Thursday, June 27, 2013

The Right Type of Tapering

Ramesh Ponnuru and I have a new article at the New Republic where we argue the Fed should not consider tapering unless it is tied to a NGDP level target. If the target were based on pre-crisis trends over the "Great Moderation" period, then the dollar size of the economy is about 10% too small. If it is based on the CBO's full-employment level of NGDP then it is about 6% short. Either way, there is still a large aggregate nominal expenditure shortfall. The FOMC should make tapering conditional on closing this gap.

The FOMC and Bernanke, however, signaled a different type of tapering last week that sent the markets into a tailspin.Yes, Bernanke said the tapering would be based on the pace of recovery, but he also mentioned a timetable which raised questions about whether monetary policy will truly be state contingent. There may have more than this tapering confusion that rattled markets--such as China's tightening of policy--but the Fed clearly failed to signal a future path of monetary policy consistent with supporting the ongoing recovery. This is more passive tightening of monetary policy. 

The Fed should realize it is not doing it right when The Telegraph's Ambrose Evans-Pritchard, President James Bullard, and IMF Managing Director Christine Largarde all agree the FOMC botched it last week. The Fed can make this right by talking up the right type of tapering. The kind that is conditional on closing the NGDP gap.


  1. Imagine if Bernanke instead delivered a speech in which he highlighted his resolve to "taper up" if conditions in the future warranted it. In other words, sent a signal that he was open to increasing the level of monthly QE.

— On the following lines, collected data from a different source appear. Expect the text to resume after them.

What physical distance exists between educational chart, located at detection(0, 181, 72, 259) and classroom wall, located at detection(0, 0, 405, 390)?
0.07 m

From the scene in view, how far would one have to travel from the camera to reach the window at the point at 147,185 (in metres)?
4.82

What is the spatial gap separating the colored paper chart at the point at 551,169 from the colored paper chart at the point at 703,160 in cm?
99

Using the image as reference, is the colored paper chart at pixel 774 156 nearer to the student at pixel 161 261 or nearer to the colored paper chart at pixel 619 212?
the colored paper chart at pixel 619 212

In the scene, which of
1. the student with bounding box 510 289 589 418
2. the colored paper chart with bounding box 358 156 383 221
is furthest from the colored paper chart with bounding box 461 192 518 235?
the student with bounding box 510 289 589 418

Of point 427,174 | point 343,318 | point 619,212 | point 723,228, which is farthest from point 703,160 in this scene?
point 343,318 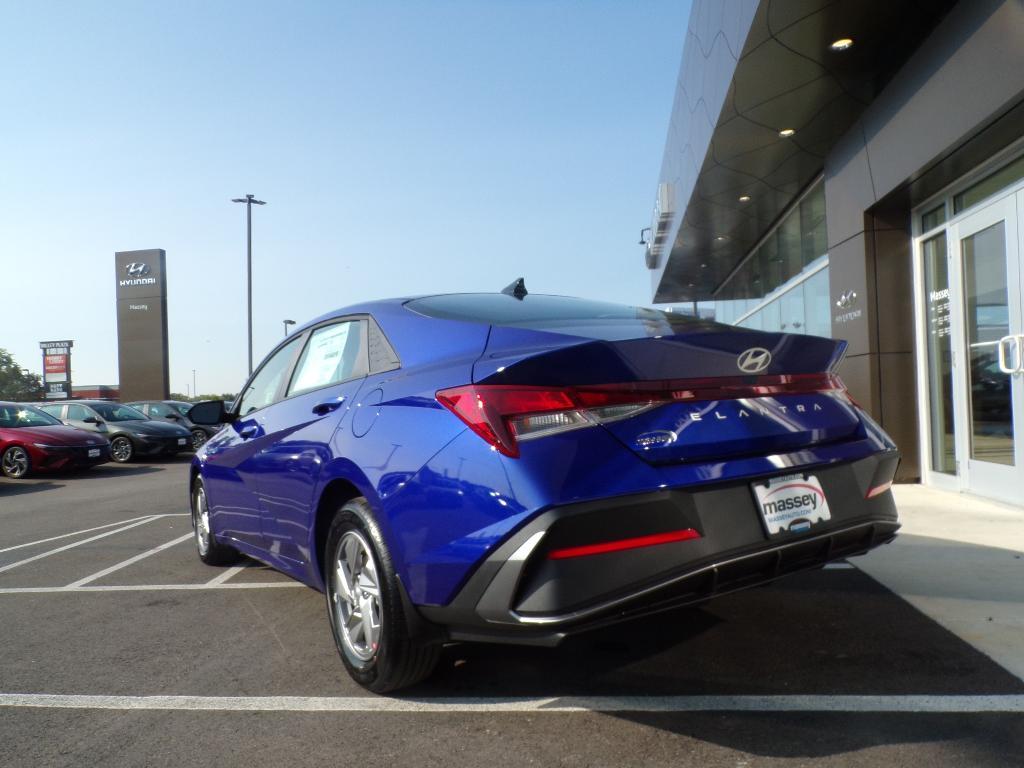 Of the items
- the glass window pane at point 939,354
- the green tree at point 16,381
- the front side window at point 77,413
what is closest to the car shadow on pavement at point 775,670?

    Jeez! Why is the Fed always hinting that there is an end to the QE road?

    Let's see:

    QE the market loves it
    QE the economy loves it
    QE pays down national debt
    QE decreases unemployment
    QE seems to have no inflationary effect so far, we are at 0.7 percent PCE y-o-y. If it gets any lower than this we will need a microscope to see inflation. Or whatever the opposite of a periscope is, as we will be in deflation.

    So the Fed and Bernanke should...hint that QE is ending soon?

    Central bankers should not be allowed at the steering wheel of any central bank.....

    1. QE won't have a inflationary effect unless the yield curve steepens which bounces economic activity.